She’s got a few too many knots in her hair, her eyeshadow is creasing, her mascara smudging the skin below her eyes. I swear I’ve seen her wear that sweater every day for the past who-even-knows-how-long. Her white shirt is wrinkled and coffee stained because she hardly has the energy to do a simple load of laundry. She’s wearing the same leggings she worked and slept in because as soon as she strips away that comfort, she falls apart again. Maybe she’ll wash her sheets someday, or maybe she’ll keep spraying her room and relying on her poor sense of smell. Maybe she’ll even take all the coffee mugs that collect dust on her bookshelf and return them to the kitchen cupboard — the room spray can only cover up rotting coffee and cream for so long. But she’s too tired for that, instead trying to find solace in a duvet with an ill-fitting cover, ignoring the assortment of clothes and books and camera batteries and silver chain necklaces and empty granola bar boxes and half a bag of tortilla chips that paint a solemn mosaic on her floor. Somehow she’s wide awake and somehow she falls asleep.

Staring at her thoughts thinking, “Who is she?”

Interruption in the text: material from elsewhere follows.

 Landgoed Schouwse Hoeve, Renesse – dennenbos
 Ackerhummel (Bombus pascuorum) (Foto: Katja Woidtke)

She’s got a few too many thoughts racing around her head, theorizing and plotting and cussing and questioning. She can feel her upbeat heartbeat through every vein and it’s pounding so loud it’s headache-inducing. She doesn’t notice the headache, though, what with all the other pain in there. There’s a panic attack in one corner hiding from the next uncontrollable fit of rage. There’s the never-ending desire to sleep — maybe forever — because exhaustion is her personality. There’s a waterfall flooding into her lungs now because her tears are just as lost as she is and have no place else to go. There’s a pile of boxes of grief and losses she must still process, but there’s a severe lack of knowledge on coping. There’s nothing and there’s everything — total numbness and every feeling in the universe, all at once, a masquerade of emotional chaos. She doesn’t get to choose which mask she wears, though, because they all take unpredictable turns, a game of roulette she never signed up for. She’s always felt off and wrong and uncertain and uncalled for but she has trouble defining what she truly actually feels because what is feeling, anyway? And what’s the point of it?

Staring at myself thinking, “Who am I?”

I don’t know.

But I know I’m not the depression, the anxiety, the anger. I am not the pain.